La Patte de Chat - Christia Sylf - 05/17
jeudi, mai 4 2006. Lien permanent › La Patte de Chat
Sitôt la porte tirée, elle se mit à marmotter, à petites phrases courtes, hachées, rancuneuses. Sa physionomie avait une expression tendue, presque hantée.
Je la trouvai drôlement accoutrée. Les vêtements, sur elle, avaient je ne sais quoi de sinistre. Ce n'était pas tant le fait qu'ils fussent tout noirs. Mais, surtout, ils semblaient moins la revêtir que la dissimuler. Et, tout en la cachant, néanmoins, ils l'exprimaient complètement. Ils étaient nettement funèbres, bien sûr. Mais là encore, moins comme un deuil porté que comme un uniforme rattaché à la mort. Je remarquai, en outre, que tous leurs plis grimaçaient. La jupe pendait. La blouse grinçait. Le châle tricoté s'embusquait. Le tablier, ce prolétaire, maudissait ses poches gonflées et, en même temps, les couvait comme des ceufs. Le fichu sur la tête se faisait pansement migraineux.
Rien n'était à sa place sur cette femme. Mieux, les différentes pièces de son habillement se toléraient à peine, se détestaient, dans une totale disharmonie.

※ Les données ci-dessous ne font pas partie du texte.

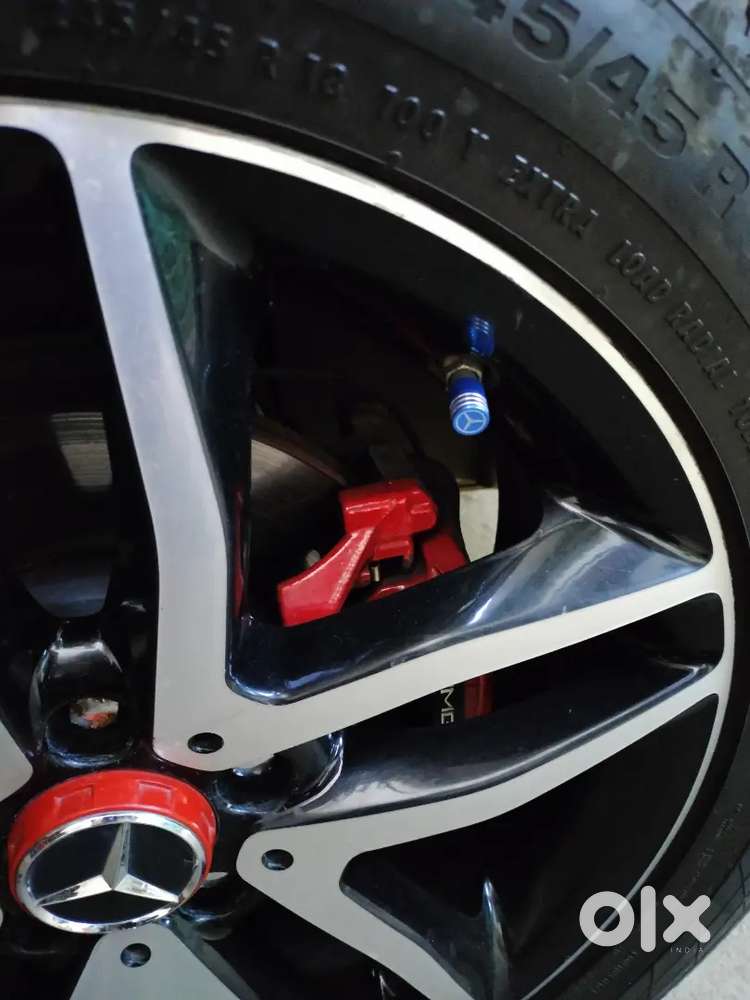 Mercedes Benz Gla 200d Cdi Amg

Cela vous paraît peut-être outrancier ? Vous autres humains, ne voyez pas comme nous. Vos yeux ont une plus faible acuité que les nôtres, capables de se dilater ou de se rétrécir à l'extrême. Et puis, vous projetez souvent vos raisonnements préalables comme un voile devant votre regard. Croyez-moi, les chats savent lire les intentions des aspects extérieurs car, par nature, nous tirons beaucoup de renseignements dans les différents aspects que prend le pelage de nos congénères.

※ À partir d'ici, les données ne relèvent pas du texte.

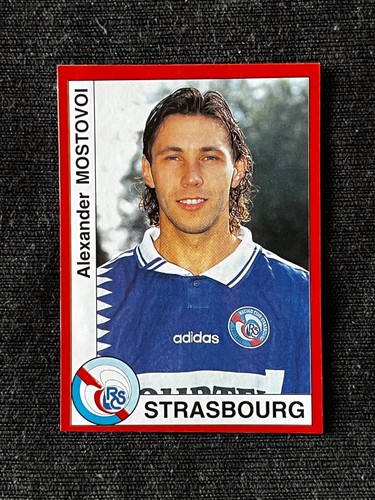 Sticker panini foot 1995 - foot,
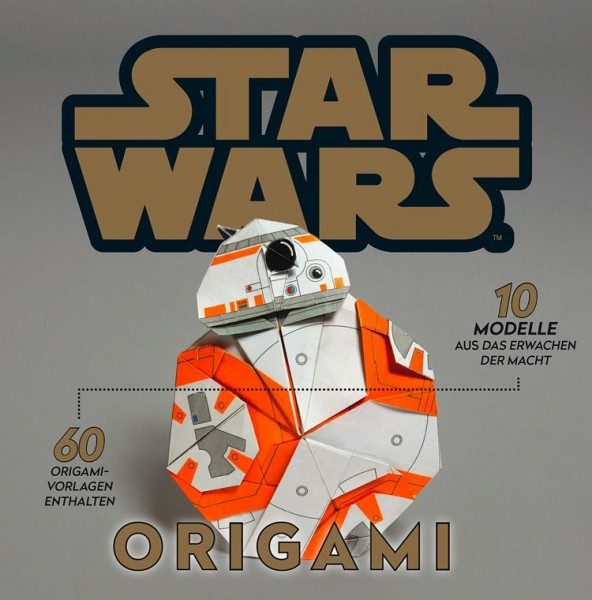 Star Wars - Origami für Experten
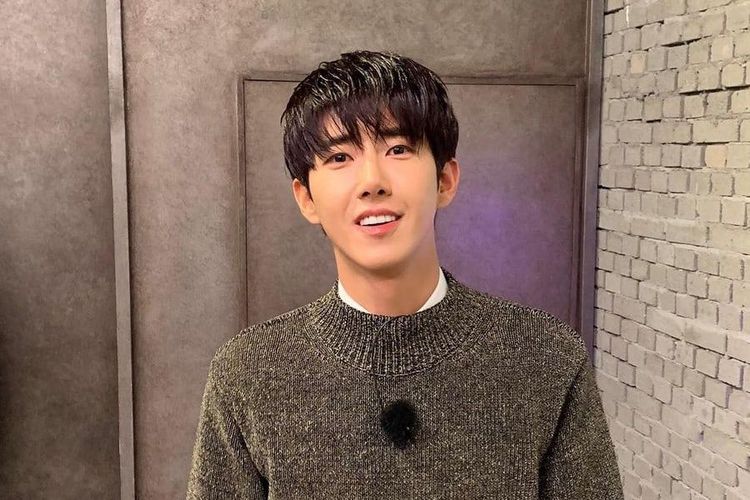 Artis asal Korea Selatan, Kwanghee.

Si cette dame avait été une des nôtres - ce qu'à Grand-Chat ne plaise, car elle ne nous aurait certainement pas fait honneur! - elle eût arboré, comme vivante transcription de sa nature, une ignoble fourrure de relapse, roussâtre, pelée, au poil terne, collé en touffes, tous indices de mauvaise conscience.
Madame Gripoussier évoquait la sécheresse, le fané, la poussière, le ressassement, le rideau tiré. Et moi je discernai au delà, derrière tout ce brouillard, la permanence d'un feu de colère secrète, sur les brasillements duquel venaient soudain fulgurer les livides stridences des actes possibles...

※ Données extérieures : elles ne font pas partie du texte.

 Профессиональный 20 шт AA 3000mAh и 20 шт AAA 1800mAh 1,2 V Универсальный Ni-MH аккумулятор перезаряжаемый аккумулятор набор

Présentement, Madame Gripoussier fouillait dans son cabas, à la recherche de ses clés. Ce faisant, de guingois, elle traversait le palier plat des marches, pour se planter devant sa porte, juste en dessous de mon mur. Elle n'avait pas cessé de se parler à elle-même, entre ses dents, furieusement.
Les chats de ma famille, à qui elle octroyait nourriture, s'étaient rassemblés autour d'elle. La petite chatte blanche commença son habituel miauli, le nez levé, pathétique, enfantine, pressante.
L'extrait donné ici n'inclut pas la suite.